Source code for empirical analysis of two functionally-similar median-finding algorithms.

Primary LanguageC

Empirical Analysis of Median-finding Algorithms

For the final assignment of the algorithms unit at our university, we performed theoretical and then empirical average-case analysis of two different median-finding algorithms. This repository hosts the source code we wrote to perform the empirical analysis.

We measured the execution time and the number of basic operations for a number of input sizes to observe the complexity and order of growth for these algorithms, which we then compared with our theoretical results.

Two of the components are written in C++ - the timing functionality and the random number generation. The timing function is written in C++ because standard C doesn't provide a cross-platform way to access the monotonic clock, but standard C++ does (since C++11). We use the monotonic clock because it's guaranteed that subtracting its value between two time points will give the elapsed time, even if the user changes their system clock.

Random number generation uses C++'s standardised Merseinne Twister (std::mt19937, also introduced in C++11), which is guaranteed to do the uniform random number generation well, which was important as we needed to measure the average case. However, the quality of the generation in C's rand() is not guaranteed.

Everything else, including the implementation of the algorithms themselves, was written in C because, other than C# and Java, this was the programming language common to both of us. Furthermore, using C meant we were closer to the hardware, eliminating the interference (from garbage collection, JIT compilation, etc.) typical of these languages, which was vital for clean execution-time results.

Results

Growth of basic operations count:

Execution time growth:

We therefore conclude that Brute Force Median is O(n^2), while Quick Median is O(n).

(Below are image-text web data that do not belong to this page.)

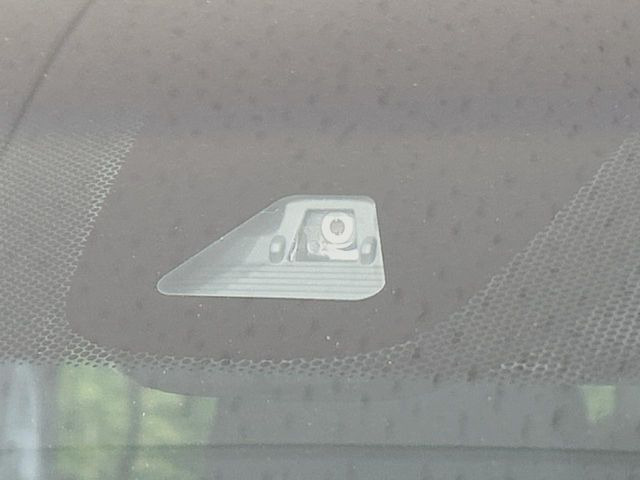 �y�z���_�Z���V���O�z���s���ɑO���̎ԗ�����F�����A�Փ˂������Ȏ��͌x��ƃu���[�L�ŏՓˉ���Ɣ�Q�y�����A�V�X�g�B�����S�Ƀh���C�u�����y���݂��������܂��B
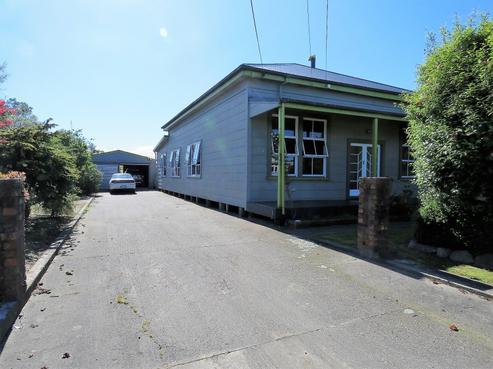 123 Russell Street, Westport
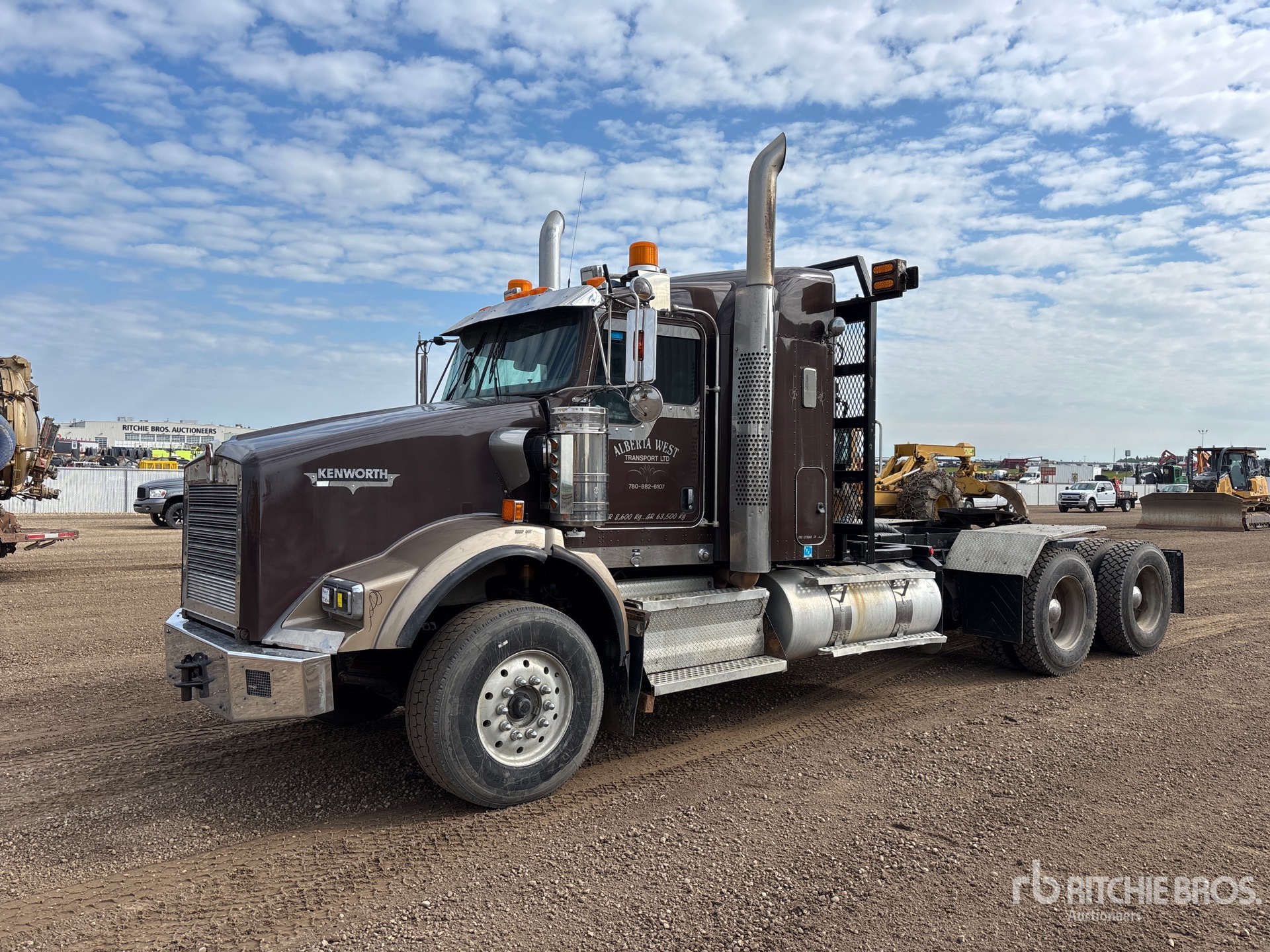 2013 Kenworth T800 6x4 Logging T/A Sleeper Truck Tractor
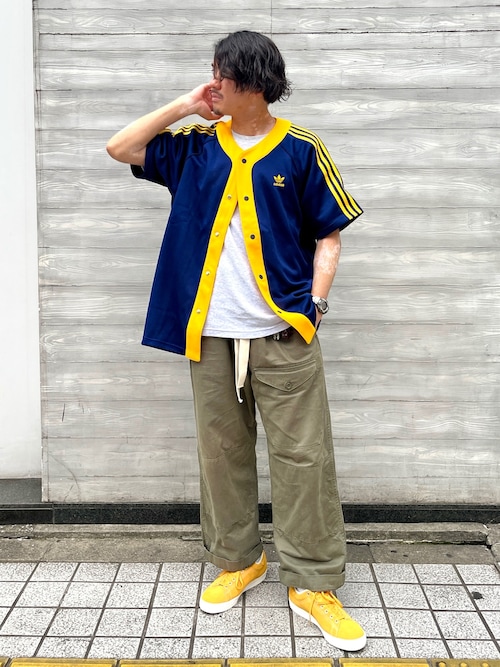 アデダス　mi スポーツシューズ ネイビーとイエロー 1687054913_500.jpg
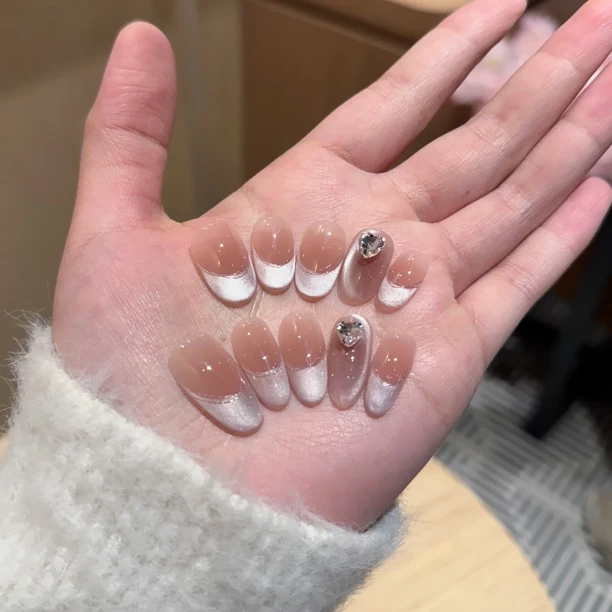 【北岛】猫眼法式爱心显白腮红百搭纯欲纯手工穿戴甲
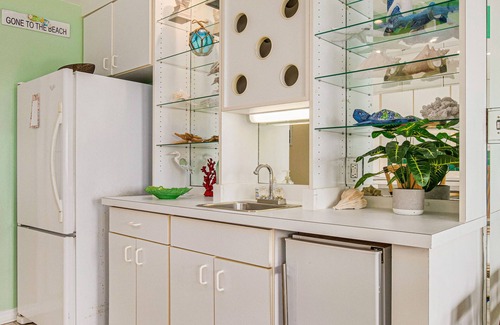 Pensacola Beach Condo | Huge Home In A Fantastic Location ~ Game Room ~ Foosball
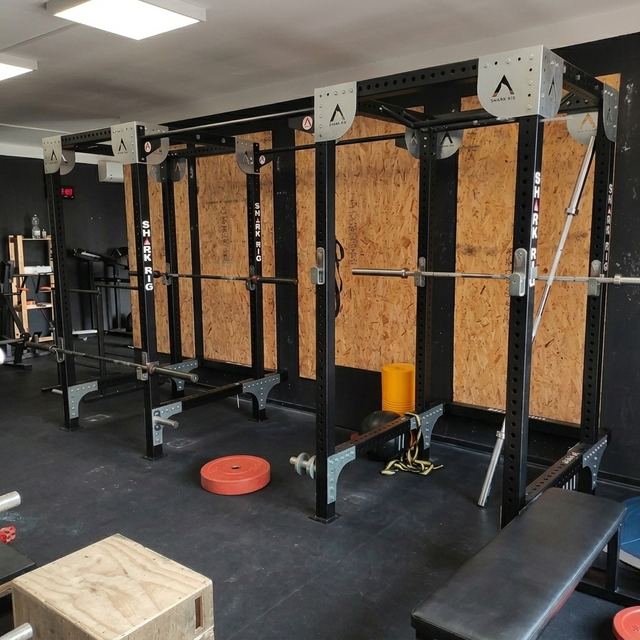 I power rack della sala pesi della Luceria Strength Academy
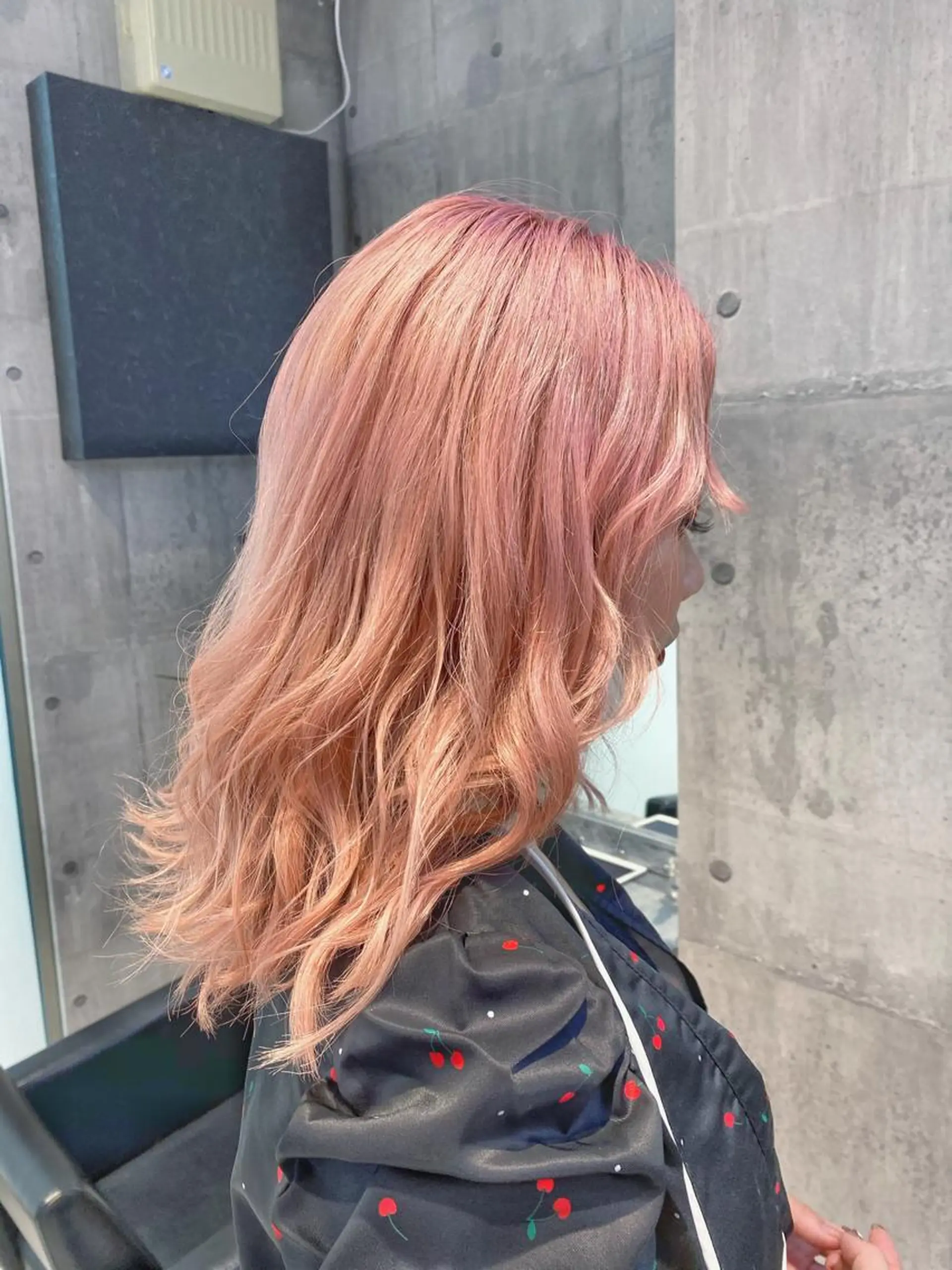 ミディアム アッシュ アッシュグレー パープルカラー 外国人風カラー ハイライト ヘアカラー トリートメント ヘアセット 🩰nanaka 🩰のヘアスタイル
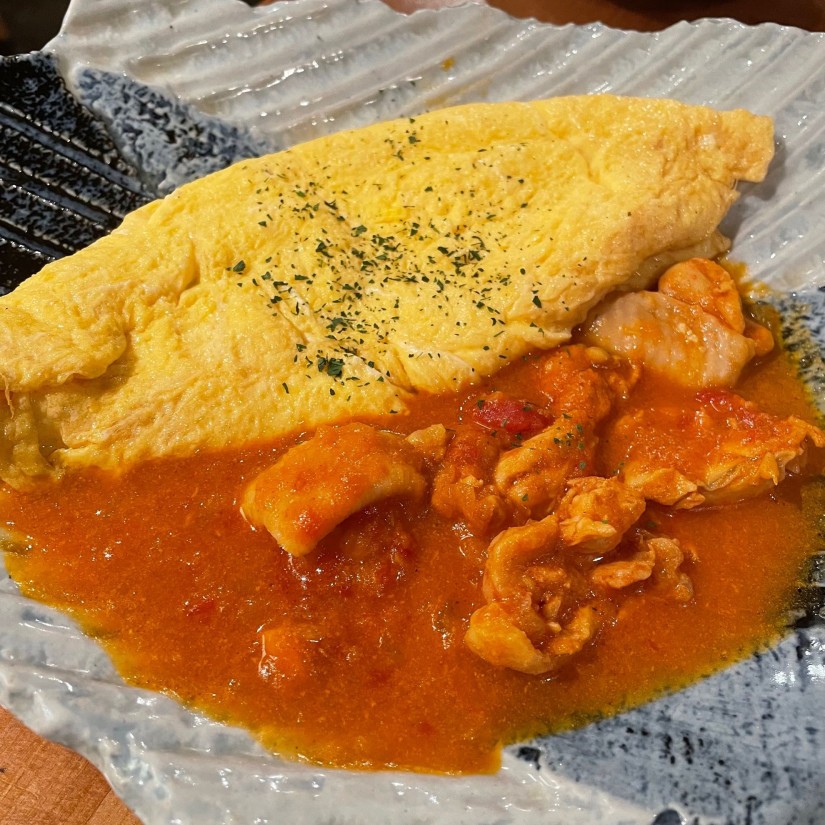 チキントマトカレーとオムレツ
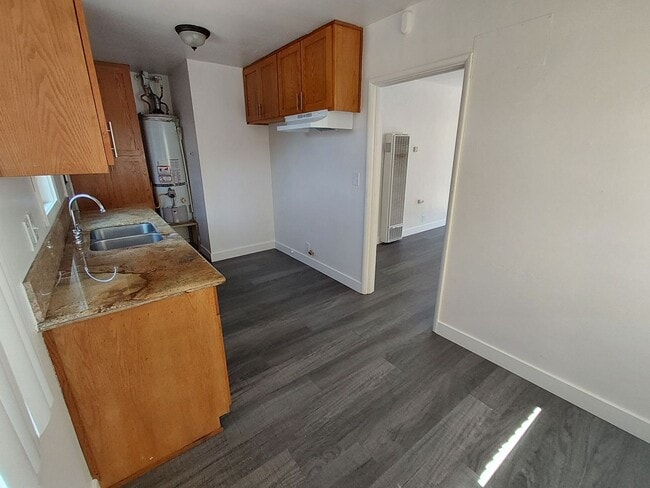 Building Photo - 8688 San Miguel Ave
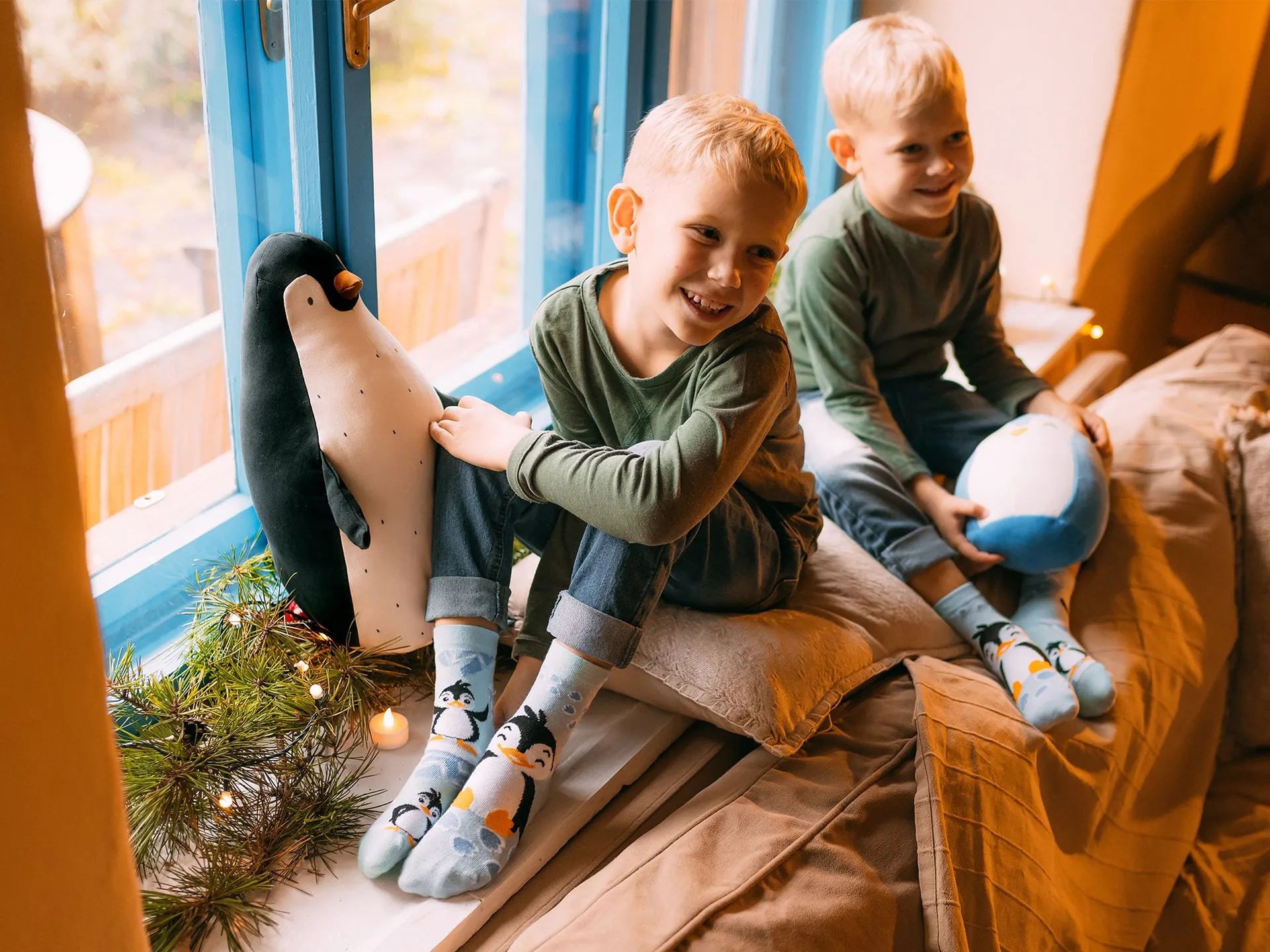 Lustige Kindersocken Fröhlicher Pinguin - Image 4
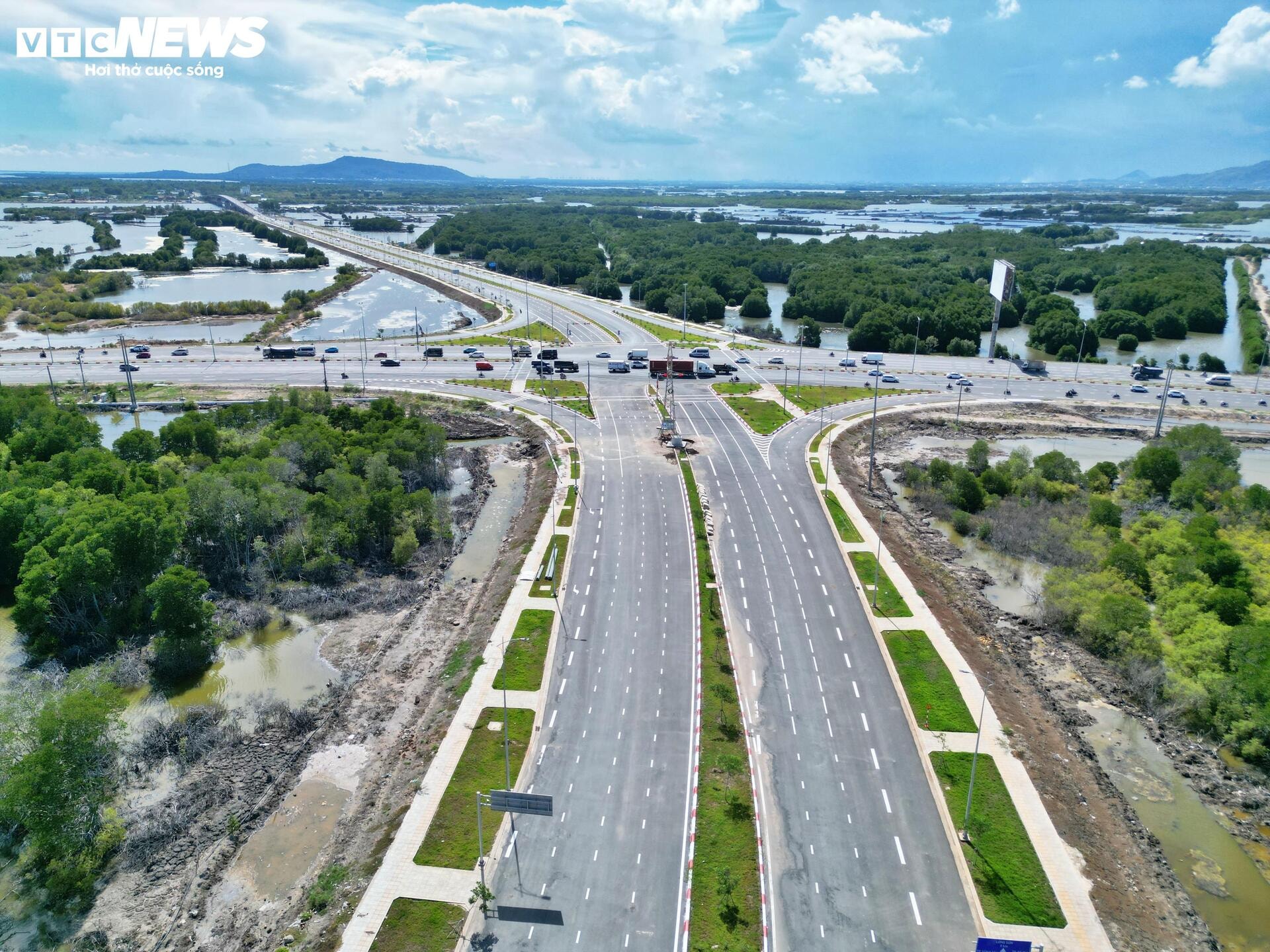 Hiện trạng đường ven biển đẹp nhất phía Nam sau gần 2 năm thi công - 10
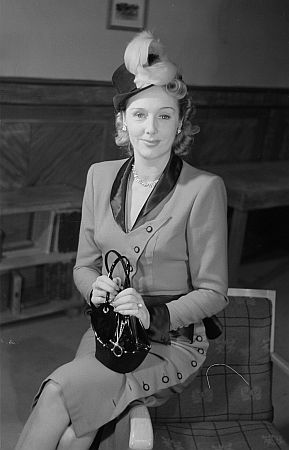 Loni Michelis 1951 in dem Stück "Zehn zu Null" von A. Jaroslav Urban an der "Neuen Bühne" im Berliner "Haus der Kultur"; Regie: Bodo Schweykowski; Quelle: Deutsche Fotothek, (file: df_pk_0000981_039); Copyright SLUB Dresden/Deutsche Fotothek/Abraham Pisarek; Urheber: Abraham Pisarek (1901–1983); Datierung: 09.11.1951; Quelle: www.deutschefotothek.de
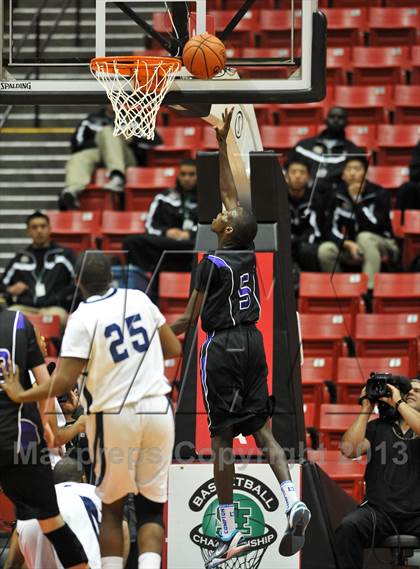 Thumbnail 1 in Foothills Christian vs. Horizon (CIF SDS D5 Final) photogallery.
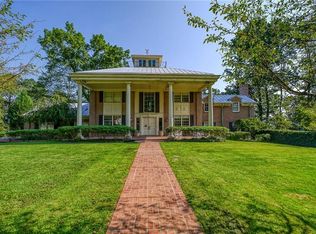 879 Beechwood Blvd, Ellwood City, PA 16117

And to gauge how representative of the algorithm our choice of basic operation is:

We should see a perfect linear correspondence here - more basic operations should lead to more time spent by the algorithm. This is the case for Quick Median (with some variation). However, for Brute Force Median, we can see that the variation is much worse. On further investigation, we concluded that, due to the nested loops of Brute Force Median, this was due to the compiler's use of the SSE registers to perform SIMD operations (the program was compiled and run on an x86_64 processor). To avoid this optimisation for the purposes of a more direct and fair comparison between the two algorithms, the compiler flag -O0 should have explicitly been set.